En esas estamos. Y sé que no hay marcha atrás y que la velocidad del tiempo es inversamente proporcional a la edad de quien la mide, por lo que sé que esto va ser un visto y no visto por más trabajos, exámenes o pruebas que deba pasar para conseguir la licenciatura. Pero eso no es lo peor. Aún da más miedo la fatídica pregunta de: ya has terminado, y ahora ¿qué? Porque, ¿cómo se puede volver al mismo punto de partida cuando ha pasado no ya años, sino años luz respecto al conocimiento que se ha adquirido en ese tiempo? La perspectiva de las cosas ha cambiado diametralmente, porque he ido adquiriendo más saberes y elementos de juicio, más herramientas para poder discernir cualquier asunto que se me venga a las manos. Por tanto, y siguiendo a mi querido Heráclito, ya no soy la misma que cuando empecé y menos aún lo seré cuando acabe. Parece que estoy llegando a una paradoja temporal, pero no es así. Estoy llegando a ese momento en que me tocará afrontar mi futuro con seriedad y sin maquillajes. Pero aún no hemos llegado a ese punto.
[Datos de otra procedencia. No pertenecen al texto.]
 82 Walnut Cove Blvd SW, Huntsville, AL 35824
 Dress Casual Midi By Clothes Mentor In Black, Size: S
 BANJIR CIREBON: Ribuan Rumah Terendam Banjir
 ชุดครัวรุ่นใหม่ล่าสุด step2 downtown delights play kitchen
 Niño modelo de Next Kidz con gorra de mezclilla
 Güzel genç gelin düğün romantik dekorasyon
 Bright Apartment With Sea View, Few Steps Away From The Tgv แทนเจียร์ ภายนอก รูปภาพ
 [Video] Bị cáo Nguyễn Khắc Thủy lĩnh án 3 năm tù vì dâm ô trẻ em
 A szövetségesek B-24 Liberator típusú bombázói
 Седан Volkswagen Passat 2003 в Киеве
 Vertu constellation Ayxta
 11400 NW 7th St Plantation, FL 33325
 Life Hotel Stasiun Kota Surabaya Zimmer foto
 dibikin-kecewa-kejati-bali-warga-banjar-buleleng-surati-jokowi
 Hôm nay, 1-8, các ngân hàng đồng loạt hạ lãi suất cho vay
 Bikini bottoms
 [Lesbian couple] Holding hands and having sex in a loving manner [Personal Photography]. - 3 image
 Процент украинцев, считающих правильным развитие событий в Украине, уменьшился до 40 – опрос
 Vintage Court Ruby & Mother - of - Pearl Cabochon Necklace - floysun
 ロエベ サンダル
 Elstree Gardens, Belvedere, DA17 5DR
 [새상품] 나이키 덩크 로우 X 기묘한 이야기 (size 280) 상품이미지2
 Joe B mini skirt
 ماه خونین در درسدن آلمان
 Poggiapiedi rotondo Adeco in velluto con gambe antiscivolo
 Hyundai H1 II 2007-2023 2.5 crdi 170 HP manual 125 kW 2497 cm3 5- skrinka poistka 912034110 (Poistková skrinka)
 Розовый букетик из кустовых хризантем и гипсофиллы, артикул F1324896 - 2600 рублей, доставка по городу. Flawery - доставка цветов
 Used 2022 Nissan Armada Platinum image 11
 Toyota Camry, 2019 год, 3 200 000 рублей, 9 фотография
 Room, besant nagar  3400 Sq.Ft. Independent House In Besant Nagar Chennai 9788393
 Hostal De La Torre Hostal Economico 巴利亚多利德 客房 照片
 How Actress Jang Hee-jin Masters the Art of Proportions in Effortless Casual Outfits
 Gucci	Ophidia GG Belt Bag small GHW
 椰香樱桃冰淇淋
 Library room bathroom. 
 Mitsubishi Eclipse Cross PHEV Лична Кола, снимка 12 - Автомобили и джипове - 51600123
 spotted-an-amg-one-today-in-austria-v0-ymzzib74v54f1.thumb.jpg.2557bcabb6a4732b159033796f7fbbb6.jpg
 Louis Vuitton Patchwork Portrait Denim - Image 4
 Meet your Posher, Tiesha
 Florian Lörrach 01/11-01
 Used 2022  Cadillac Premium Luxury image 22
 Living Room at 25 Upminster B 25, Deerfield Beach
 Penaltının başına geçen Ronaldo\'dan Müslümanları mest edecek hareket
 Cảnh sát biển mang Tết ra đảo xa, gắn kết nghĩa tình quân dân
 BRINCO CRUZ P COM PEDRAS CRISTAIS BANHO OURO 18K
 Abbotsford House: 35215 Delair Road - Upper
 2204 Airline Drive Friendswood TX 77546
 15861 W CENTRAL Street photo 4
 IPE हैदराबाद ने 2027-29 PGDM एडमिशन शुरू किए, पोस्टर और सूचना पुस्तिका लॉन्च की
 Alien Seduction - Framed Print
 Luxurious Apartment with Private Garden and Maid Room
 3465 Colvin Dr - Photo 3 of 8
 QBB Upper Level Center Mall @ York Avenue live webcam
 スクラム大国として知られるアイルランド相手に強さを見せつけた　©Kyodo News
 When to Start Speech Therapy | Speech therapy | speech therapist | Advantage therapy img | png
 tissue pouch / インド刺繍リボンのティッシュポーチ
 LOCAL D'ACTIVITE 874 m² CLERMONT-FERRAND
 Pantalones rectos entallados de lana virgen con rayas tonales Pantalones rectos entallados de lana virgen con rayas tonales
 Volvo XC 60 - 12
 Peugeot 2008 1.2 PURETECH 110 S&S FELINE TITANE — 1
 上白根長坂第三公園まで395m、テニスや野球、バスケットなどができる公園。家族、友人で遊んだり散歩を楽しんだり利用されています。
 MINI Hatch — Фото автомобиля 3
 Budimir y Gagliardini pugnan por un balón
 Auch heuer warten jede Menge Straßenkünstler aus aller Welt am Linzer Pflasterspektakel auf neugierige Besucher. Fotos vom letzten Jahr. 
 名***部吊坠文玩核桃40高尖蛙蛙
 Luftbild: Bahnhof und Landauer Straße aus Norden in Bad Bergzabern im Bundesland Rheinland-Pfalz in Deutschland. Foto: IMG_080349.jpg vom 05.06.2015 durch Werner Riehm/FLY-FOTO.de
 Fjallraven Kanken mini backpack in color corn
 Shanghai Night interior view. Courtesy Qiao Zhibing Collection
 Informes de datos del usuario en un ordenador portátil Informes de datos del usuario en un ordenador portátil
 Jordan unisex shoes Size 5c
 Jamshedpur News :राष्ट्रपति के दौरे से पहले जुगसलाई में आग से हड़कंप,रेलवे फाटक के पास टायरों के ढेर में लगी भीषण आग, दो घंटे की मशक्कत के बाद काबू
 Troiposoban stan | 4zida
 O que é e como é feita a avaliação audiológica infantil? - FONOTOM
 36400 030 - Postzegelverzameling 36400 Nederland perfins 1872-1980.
Hoy es 2 de octubre, la fiesta de los Ángeles Custodios. Todos tenemos uno asignado por Dios desde que llegamos a este mundo para que nos ayude y guarde del mal; solo tenemos que hablar con él y pedirle en qué necesitamos que nos eche una mano y él hará todo lo posible para ello, hasta encontrarnos aparcamiento cuando la tarea se vuelve casi imposible. Felicidades, Angelillo, mi querido Custodio. Intentaré no darte demasiado trabajo hoy.

También es Domingo, día del Señor. Toca santificar la fiesta, que va más allá de ir a Misa; se trata de vivir este día de cara a Él, de darle gracias por la grandeza de sus regalos, por su inmenso y desinteresado amor por nosotros, porque siempre está cuando le llamamos y porque jamás se cansa de perdonar nuestras ofensas, si nosotros también perdonamos a los que nos la juegan, a veces con demasiada frecuencia.

Hoy es hoy y a cada día le basta con su propio afán. Por tanto, no adelantemos acontecimientos que aún no han ocurrido y que se desvanecen en la niebla de los futuribles. Carpe diem, en el mejor sentido de la expresión, es decir, disfruta lo que queda de domingo.